* _ACTION ITEM_
Show each line of the data below that has the string "Vintage" in it.

* _RECORDS SHOWN_
○ ○ ○
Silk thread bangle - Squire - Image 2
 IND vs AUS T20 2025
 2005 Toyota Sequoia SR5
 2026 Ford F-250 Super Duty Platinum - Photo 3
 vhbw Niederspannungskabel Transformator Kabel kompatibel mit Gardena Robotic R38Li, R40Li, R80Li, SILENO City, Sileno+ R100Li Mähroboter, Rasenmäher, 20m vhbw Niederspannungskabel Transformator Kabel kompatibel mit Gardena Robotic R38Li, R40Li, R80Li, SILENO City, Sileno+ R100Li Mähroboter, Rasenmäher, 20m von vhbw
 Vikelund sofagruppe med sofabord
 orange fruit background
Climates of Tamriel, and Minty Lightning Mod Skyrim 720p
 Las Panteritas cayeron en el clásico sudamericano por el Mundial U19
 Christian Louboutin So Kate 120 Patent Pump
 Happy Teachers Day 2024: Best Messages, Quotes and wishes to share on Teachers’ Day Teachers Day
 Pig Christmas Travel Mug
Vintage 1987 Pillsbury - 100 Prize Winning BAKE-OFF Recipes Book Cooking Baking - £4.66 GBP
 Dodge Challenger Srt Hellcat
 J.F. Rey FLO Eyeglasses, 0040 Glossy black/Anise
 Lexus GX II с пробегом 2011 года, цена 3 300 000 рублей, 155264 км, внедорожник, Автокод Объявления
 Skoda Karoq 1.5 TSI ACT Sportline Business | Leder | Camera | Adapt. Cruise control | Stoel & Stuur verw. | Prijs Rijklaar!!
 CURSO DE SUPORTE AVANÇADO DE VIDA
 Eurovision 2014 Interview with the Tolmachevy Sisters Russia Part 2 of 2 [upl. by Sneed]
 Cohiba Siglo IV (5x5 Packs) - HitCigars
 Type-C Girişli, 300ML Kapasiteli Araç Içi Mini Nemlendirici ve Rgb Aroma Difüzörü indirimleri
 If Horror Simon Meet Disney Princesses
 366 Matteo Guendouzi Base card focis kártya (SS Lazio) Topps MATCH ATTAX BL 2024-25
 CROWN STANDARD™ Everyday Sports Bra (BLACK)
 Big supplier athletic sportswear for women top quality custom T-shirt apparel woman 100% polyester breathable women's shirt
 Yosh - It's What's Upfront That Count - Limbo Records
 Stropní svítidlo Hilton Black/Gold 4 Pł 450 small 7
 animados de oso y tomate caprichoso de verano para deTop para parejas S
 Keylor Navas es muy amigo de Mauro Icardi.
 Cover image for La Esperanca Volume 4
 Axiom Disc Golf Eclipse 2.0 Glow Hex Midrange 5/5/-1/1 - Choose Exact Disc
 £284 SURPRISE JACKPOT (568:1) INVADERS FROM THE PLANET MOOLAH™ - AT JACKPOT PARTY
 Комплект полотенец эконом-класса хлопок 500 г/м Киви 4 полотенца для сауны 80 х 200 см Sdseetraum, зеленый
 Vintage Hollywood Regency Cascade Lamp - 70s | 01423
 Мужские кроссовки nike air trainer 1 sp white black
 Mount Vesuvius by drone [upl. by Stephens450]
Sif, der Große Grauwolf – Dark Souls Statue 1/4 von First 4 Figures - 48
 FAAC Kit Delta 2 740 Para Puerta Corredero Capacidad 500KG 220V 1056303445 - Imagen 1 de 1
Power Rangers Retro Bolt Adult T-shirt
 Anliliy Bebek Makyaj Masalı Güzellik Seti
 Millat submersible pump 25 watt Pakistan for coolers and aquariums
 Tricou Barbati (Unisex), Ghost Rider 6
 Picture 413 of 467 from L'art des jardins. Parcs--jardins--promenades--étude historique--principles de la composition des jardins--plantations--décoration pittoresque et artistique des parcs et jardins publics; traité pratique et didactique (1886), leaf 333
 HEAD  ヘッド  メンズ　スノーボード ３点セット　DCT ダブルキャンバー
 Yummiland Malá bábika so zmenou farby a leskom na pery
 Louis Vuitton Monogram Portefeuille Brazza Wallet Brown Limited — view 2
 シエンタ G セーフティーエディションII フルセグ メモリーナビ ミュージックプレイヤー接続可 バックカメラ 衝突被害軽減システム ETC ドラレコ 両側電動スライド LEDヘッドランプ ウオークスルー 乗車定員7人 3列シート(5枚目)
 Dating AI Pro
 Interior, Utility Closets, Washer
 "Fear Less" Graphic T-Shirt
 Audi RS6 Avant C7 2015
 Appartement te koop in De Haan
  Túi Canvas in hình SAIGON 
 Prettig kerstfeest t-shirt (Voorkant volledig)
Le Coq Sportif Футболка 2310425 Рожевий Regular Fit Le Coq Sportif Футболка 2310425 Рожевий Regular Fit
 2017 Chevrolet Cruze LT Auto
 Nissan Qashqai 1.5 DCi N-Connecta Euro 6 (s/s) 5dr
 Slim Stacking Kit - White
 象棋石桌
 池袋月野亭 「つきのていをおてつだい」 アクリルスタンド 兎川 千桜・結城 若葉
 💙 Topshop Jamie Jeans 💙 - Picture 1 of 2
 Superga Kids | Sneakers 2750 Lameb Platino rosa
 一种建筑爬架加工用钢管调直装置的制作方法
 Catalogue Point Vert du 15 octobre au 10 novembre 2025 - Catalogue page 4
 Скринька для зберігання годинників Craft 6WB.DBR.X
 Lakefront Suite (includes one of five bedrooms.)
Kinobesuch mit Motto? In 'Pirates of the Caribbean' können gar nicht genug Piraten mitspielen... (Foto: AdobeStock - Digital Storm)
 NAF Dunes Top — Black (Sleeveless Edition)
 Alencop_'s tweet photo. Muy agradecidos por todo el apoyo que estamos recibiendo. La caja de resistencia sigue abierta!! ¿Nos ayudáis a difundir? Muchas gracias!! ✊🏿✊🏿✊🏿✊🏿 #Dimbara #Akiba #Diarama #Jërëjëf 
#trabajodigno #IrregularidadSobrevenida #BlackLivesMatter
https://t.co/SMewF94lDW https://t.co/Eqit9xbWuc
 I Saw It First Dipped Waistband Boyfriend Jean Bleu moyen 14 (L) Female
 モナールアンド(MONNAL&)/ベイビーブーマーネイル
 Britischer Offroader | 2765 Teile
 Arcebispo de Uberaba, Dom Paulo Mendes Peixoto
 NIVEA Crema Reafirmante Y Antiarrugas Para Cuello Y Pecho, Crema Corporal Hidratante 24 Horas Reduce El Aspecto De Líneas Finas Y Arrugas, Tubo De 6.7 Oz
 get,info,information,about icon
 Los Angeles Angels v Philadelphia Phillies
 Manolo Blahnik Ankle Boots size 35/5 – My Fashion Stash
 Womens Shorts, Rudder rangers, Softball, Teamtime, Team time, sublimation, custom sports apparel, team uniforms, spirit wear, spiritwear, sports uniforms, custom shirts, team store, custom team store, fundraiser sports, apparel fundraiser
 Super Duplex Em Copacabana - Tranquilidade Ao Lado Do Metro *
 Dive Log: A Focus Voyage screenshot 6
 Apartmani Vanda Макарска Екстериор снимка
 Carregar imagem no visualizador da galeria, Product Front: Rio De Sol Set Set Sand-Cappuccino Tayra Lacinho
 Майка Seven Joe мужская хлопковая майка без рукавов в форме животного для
○ ○ ○
* _RESPONSE TO THE TASK_
Vintage 1987 Pillsbury - 100 Prize Winning BAKE-OFF Recipes Book Cooking Baking - £4.66 GBP
 Vintage Hollywood Regency Cascade Lamp - 70s | 01423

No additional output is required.